Top of AVAILABLE DATA
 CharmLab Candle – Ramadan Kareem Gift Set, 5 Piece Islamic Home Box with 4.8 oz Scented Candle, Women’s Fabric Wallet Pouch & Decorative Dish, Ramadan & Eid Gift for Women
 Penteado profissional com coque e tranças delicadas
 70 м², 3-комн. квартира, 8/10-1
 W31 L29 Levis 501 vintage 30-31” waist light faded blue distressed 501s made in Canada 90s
Bottom of AVAILABLE DATA
## WHAT TO DO:
Return the final stretch of the listing exactly, starting with the line that contains "70 м², 3-комн. квартира, 8/10-1" and ending with the last line.

## TASK ANSWER:
 70 м², 3-комн. квартира, 8/10-1
 W31 L29 Levis 501 vintage 30-31” waist light faded blue distressed 501s made in Canada 90s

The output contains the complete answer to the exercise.